French Revolution Films

Thursday, March 24 by Irving Oala

There been a number of French Revolution films that have been about different aspects of many of the different French revolutions that have occurred. As history has shown, the French are a wily bunch, often demanding change for the better from their rulers. These films that take place in and around the French Revolution reflect different aspects of the politics and moods at the time of the conflicts in the nation of France.

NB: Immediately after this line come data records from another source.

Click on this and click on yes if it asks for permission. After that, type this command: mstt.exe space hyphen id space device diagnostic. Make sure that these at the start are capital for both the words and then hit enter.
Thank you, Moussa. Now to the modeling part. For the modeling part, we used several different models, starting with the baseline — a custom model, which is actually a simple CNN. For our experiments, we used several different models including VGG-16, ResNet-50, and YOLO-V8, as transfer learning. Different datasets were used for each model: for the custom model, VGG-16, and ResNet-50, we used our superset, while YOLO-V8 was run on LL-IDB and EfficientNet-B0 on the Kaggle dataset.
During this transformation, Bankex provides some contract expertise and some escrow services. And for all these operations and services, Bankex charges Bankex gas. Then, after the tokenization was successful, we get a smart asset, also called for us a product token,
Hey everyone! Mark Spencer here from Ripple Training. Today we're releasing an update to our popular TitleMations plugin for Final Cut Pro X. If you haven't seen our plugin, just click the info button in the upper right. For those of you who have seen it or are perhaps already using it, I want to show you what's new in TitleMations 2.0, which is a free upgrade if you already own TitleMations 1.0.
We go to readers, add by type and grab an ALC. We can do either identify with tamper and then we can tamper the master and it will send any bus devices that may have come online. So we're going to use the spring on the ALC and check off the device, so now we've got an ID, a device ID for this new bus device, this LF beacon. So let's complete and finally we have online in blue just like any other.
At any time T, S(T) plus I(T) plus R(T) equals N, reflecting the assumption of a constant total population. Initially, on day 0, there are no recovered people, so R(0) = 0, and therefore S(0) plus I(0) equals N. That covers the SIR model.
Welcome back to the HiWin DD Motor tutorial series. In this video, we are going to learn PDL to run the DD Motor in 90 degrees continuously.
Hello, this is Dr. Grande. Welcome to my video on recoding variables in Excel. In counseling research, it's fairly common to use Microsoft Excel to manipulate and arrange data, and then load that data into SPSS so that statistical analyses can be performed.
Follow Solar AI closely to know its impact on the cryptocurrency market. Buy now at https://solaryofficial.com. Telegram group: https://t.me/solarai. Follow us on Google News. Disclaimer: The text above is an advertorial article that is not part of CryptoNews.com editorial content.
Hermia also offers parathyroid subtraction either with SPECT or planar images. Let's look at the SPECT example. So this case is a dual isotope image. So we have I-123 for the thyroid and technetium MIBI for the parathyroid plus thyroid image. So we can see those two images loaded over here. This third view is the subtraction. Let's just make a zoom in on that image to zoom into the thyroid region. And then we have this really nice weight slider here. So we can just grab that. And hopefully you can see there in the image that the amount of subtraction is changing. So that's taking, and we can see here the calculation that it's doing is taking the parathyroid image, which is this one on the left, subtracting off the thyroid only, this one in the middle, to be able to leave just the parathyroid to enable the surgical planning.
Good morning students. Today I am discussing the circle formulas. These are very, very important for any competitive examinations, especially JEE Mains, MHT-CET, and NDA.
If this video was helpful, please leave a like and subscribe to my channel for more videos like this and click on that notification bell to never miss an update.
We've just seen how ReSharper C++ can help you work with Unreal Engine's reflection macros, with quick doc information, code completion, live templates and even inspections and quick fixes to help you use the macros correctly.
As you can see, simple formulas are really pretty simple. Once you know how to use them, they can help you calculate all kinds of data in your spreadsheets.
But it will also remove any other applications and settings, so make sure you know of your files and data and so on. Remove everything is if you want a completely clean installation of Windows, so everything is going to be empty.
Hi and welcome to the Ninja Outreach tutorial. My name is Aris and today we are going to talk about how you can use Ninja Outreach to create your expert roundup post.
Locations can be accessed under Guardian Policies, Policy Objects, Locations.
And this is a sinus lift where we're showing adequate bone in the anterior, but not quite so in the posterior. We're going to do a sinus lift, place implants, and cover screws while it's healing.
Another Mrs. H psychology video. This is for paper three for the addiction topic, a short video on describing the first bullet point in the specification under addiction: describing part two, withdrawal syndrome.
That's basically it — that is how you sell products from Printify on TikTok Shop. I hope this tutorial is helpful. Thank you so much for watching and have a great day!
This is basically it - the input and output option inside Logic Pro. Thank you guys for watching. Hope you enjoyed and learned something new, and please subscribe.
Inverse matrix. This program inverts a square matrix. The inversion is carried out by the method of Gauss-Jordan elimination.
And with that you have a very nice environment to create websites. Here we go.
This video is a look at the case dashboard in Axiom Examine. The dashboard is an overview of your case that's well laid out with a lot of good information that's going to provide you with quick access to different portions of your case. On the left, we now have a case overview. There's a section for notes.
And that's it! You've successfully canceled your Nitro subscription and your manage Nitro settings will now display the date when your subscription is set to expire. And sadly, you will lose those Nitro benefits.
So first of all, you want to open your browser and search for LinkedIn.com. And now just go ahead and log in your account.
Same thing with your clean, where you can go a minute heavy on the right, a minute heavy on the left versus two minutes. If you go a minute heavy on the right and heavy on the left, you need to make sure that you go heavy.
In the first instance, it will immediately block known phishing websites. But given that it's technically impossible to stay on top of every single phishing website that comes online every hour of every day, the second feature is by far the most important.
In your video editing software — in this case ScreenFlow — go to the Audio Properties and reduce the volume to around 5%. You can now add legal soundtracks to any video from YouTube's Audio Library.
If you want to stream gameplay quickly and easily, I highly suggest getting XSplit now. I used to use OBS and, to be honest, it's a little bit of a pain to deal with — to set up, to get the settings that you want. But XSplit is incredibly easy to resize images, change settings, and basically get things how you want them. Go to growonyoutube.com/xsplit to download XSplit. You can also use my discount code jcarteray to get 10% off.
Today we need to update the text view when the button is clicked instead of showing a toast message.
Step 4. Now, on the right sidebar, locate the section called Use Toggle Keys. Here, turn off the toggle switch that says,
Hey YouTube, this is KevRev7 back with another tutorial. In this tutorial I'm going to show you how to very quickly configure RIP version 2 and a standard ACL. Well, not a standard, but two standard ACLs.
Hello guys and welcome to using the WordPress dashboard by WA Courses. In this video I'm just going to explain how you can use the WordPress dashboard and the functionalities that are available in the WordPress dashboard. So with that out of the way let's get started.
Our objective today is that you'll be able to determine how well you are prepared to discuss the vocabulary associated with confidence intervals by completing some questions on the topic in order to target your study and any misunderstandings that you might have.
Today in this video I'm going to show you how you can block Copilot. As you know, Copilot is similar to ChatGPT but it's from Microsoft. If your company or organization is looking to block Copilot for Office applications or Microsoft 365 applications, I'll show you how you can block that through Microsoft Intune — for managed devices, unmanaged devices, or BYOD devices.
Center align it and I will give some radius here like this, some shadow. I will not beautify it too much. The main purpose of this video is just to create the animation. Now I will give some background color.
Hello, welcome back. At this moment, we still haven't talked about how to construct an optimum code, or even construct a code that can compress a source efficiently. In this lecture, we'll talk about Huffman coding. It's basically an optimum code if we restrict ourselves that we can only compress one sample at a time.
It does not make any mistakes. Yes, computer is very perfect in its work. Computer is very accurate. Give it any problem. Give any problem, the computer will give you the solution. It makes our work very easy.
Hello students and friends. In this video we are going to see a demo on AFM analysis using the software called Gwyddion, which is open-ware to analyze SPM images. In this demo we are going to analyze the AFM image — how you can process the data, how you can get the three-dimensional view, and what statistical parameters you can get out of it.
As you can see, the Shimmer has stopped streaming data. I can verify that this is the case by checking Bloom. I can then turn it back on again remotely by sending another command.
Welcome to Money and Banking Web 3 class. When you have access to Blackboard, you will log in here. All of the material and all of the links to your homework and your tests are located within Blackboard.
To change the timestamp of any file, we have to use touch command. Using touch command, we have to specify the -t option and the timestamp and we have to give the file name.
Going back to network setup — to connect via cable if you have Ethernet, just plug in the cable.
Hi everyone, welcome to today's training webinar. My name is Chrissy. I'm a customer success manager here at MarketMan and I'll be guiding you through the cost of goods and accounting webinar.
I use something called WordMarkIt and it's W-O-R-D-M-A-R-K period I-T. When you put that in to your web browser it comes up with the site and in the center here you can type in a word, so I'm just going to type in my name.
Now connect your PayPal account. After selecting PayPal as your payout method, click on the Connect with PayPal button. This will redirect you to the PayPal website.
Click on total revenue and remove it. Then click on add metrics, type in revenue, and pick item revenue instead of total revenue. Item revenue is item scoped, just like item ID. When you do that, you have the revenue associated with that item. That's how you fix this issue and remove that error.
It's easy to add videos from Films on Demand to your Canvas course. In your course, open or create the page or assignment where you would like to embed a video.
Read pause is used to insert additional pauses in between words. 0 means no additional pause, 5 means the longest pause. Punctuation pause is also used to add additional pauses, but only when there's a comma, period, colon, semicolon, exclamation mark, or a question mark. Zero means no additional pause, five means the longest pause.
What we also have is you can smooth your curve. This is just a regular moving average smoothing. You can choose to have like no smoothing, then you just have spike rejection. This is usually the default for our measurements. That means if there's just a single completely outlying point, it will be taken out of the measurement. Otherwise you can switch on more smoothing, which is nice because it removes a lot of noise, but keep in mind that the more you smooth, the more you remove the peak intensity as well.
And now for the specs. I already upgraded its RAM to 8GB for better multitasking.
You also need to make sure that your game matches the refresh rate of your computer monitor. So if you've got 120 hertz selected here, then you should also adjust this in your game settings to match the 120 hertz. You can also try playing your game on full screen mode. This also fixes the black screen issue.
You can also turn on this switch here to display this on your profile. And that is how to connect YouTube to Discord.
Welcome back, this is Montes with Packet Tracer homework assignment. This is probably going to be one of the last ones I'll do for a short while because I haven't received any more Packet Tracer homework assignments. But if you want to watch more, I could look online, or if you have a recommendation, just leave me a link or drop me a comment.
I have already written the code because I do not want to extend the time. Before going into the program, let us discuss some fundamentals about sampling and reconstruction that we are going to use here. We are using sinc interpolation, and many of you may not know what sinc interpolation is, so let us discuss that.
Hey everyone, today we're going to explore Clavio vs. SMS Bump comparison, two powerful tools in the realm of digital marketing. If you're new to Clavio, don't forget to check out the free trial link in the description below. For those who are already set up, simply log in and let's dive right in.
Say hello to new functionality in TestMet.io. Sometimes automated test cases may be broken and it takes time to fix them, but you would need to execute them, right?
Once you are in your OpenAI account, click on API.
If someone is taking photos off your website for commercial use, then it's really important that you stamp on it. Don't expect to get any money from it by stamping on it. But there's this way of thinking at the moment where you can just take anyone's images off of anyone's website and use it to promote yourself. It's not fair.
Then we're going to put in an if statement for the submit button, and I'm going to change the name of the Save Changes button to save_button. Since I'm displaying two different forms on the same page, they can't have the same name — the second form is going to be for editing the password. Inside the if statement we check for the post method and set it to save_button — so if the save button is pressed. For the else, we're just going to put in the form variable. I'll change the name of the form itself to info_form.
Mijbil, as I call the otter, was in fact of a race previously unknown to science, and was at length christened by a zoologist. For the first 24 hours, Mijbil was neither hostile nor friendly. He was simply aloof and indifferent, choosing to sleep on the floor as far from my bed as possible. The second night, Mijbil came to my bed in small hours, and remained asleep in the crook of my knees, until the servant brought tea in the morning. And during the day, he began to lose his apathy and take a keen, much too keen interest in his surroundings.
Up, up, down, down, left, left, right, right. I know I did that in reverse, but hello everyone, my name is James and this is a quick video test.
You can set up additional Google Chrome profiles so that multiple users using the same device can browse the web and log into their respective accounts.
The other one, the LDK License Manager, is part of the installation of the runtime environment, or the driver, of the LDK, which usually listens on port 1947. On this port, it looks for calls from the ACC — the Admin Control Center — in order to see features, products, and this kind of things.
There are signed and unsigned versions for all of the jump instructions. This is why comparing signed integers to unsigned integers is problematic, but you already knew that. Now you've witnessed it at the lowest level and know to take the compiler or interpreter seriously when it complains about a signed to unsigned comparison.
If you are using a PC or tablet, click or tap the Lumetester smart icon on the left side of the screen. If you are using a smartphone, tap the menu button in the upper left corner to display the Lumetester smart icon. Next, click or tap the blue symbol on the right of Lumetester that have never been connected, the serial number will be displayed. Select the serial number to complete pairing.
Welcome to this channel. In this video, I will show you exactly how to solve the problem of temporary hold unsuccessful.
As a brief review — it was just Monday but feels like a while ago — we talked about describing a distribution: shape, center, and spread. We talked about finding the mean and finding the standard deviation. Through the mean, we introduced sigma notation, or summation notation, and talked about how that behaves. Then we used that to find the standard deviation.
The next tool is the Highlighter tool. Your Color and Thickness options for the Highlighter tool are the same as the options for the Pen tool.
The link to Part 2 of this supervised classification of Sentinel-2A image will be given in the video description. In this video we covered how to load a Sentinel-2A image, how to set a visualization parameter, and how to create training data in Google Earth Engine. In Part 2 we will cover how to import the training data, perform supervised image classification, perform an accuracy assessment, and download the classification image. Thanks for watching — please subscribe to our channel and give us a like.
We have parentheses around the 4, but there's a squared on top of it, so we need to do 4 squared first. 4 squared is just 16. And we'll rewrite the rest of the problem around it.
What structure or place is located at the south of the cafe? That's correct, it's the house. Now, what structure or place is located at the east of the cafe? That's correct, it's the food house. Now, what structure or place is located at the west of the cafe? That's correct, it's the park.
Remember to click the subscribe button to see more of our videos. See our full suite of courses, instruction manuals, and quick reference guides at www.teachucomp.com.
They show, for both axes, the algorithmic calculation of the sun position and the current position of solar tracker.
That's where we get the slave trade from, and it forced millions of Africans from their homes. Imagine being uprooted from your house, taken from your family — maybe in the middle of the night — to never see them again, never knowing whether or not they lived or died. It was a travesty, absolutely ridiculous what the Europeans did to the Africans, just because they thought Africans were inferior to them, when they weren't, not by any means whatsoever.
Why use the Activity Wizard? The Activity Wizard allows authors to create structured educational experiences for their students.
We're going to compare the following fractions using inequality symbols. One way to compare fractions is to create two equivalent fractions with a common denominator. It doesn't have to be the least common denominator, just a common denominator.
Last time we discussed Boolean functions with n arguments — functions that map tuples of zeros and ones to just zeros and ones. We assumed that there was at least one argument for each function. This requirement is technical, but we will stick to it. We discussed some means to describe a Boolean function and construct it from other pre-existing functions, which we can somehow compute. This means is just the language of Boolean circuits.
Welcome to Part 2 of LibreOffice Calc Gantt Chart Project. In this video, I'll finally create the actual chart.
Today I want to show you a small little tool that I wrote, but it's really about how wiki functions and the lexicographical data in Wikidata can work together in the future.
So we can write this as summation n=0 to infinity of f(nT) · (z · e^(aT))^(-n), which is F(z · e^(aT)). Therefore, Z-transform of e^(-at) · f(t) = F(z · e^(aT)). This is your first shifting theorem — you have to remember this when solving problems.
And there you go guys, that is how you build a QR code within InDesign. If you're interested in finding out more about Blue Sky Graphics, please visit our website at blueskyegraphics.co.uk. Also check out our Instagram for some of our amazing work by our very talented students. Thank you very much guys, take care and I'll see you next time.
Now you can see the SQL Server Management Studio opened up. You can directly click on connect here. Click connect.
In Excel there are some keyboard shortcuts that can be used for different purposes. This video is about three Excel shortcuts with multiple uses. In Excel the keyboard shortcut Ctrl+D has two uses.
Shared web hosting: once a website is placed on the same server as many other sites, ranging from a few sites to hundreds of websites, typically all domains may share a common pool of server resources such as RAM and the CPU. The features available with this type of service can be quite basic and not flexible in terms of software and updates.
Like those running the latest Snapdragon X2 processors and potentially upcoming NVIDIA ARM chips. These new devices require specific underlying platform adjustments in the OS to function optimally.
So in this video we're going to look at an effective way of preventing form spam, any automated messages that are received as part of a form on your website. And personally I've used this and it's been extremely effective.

  1. "Jefferson in Paris." This period film starred Nick Nolte as Thomas Jefferson, who was Ambassador to France after America had successfully won it's independence and was there to observe the mindset of the country prior to the French Revolution. We follow him in this environment over the next five years, observing the corruption of King Louis the XIV and Marie Antoinette, leading up to the revolution at the end of the film.
  2. "Start the Revolution Without Me." A comedic take on the first French Revolution, this film starred Gene Wilder, Donald Sutherland and the voice of Orson Welles. It is a funny parody of a number of different famous novels about the French Revolution, like Dickens' "A Tale Of Two Cities" and Dumas' "The Corsica Brothers."
  3. "Danton." This French-made historical film follows Georges Danton, who was one of the leaders of the first French Revolution in the late 1700's. It stars Gerard Depardieu and and is a bio-pic war epic that was produced by France, Poland and West Germany.
  4. "Marie Antoinette." Sofie Coppola's third film takes us inside the palace of Versailles to center on the insanely rich princess Marie Antoinette who was completely separated from the real world of her French countrymen. The film ends with the French Revolution beginning and the people storming the palace.
  5. "Cousin Bette." A comedy and drama which stars Jessica Lange, Elisabeth Shue and Bob Hoskins, "Cousin Bette" is a story that takes place among the very wealthy in the mid-19th century, after the first French Revolution. The final act of the film occurs during the second French Revolution of 1848.